I would sit in front of a temple atop a hillock and gaze at the serpentine lanes below, chock-a-block with people every evening.
During my stay I had seen only one devadasi, although I had heard a lot about them.
She was a dancer at the Rangaji Temple. What fascinated me most about her was her colourful ghagra that billowed out like an umbrella. I often used to watch her dance and also found her looking up at me.
Though we did not speak, I soon realised that silence had drawn us closer. It was as if we were friends.
Whenever the idol of Ranganath was brought out for parikrama around the town, the devadasi, dressed in her best, used to venture out of her quarters.

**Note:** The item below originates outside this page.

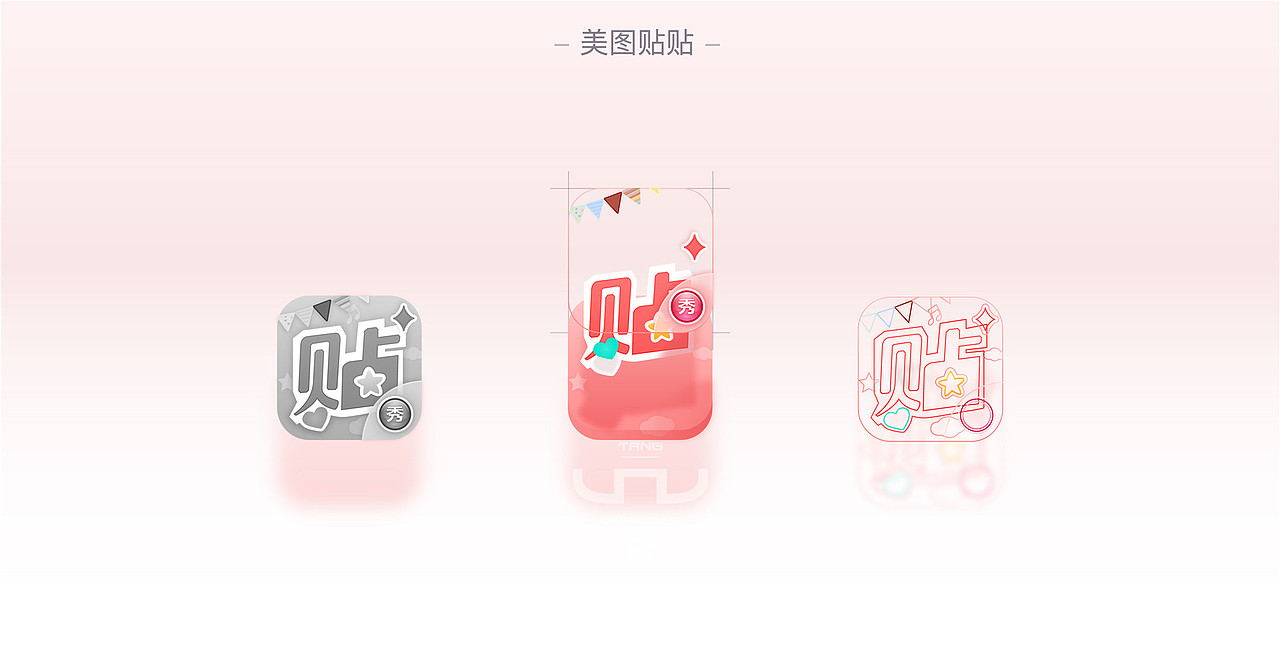 【ICON再次创作】（图ZNTIzNjYzMDA=） - 图标 - 站酷设计师唐贝塔原创素材 - 站酷ZCOOL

In her intricately designed ghagra, she looked like a peacock which preens to show off its plumes.
She was not young, though. The fire of youth had gone out of her body — her breasts had drooped and her neatly tied hair had taken the colour of a worn out copper vessel.
But there was a spring in her step and she was still a graceful dancer. I would watch her dance during the parikramas of the idol and she would lead the way with a magnificent performance.
One day, I followed her to Amrakunj on the Rangaji Temple premises. She sat there on a slab of stone. The moment she saw me, she threw one question after the other at me. Needless to say, I was taken aback.
“Who are you? Where are you from?
“How did you become a widow in such a young age?”
“Why are those boys following you?...
I looked back and saw them. They were always there, wherever I went to collect data for my writings. They probably thought I was another widow deserted by her family and therefore, an easy pick.
Later on, things came to such a pass that I had to ask my teacher, late Upendra Chandra Lejkharu, to accompany me on my data-collection trips.
That day I did not reply to a single question. But later on, the devadasi and I grew very fond of each other.
“Nowadays, people have erased the difference between devadasis and prostitutes. It was not like this earlier,” she told me one day.
I was stunned. Assam was, perhaps, the only place where a devadasi was given the royal crown. Looking at me with her kajal-rimmed eyes, the devadasi gave a yelp of surprise.
“What? A devadasi had worn the crown and ruled a kingdom?”
I told her that not only that, the Ahom kingdom had even issued coins in the name of queen Phuleswari. And that she used to move around her kingdom on the biggest and tallest elephants.
Eyes wide open in astonishment, she had looked at me for some time and then tittered in amusement. “The biggest elephant?”